EXERCISE GOAL
Go through each line of the entries below and tally those containing the string "TOYOTA"; give only the total.
--
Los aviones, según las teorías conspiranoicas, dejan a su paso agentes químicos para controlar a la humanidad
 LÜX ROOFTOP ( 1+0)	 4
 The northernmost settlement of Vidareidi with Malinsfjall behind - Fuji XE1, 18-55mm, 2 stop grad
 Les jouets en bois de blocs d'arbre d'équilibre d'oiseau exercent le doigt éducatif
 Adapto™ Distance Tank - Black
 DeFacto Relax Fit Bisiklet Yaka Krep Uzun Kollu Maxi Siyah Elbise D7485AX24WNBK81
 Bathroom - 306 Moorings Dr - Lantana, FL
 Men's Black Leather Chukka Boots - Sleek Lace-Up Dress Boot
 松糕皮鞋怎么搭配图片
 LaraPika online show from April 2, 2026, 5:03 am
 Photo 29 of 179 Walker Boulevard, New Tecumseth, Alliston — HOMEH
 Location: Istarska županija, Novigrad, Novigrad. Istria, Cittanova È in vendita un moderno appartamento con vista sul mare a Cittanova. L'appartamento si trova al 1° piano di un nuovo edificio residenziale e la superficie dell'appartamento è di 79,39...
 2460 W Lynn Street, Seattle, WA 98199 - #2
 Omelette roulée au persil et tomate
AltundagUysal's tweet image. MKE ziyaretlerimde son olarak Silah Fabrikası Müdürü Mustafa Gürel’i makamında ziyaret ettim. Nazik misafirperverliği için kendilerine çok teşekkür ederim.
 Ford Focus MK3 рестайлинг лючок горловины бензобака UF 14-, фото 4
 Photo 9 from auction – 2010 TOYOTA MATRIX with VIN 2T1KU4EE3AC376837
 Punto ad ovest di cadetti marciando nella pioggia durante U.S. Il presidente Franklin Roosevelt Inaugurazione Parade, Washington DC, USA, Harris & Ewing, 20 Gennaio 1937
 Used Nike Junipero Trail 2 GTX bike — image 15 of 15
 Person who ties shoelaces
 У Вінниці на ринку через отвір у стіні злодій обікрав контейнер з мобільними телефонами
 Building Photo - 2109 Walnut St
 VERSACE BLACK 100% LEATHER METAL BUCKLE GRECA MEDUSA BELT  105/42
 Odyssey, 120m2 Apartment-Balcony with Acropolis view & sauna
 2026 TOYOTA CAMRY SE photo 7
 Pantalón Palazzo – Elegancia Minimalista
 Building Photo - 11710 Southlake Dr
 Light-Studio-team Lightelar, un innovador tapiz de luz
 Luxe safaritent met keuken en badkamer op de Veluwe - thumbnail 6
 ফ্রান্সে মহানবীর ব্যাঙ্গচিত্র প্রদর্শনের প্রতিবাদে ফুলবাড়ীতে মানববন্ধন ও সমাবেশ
--
TASK RESULT
2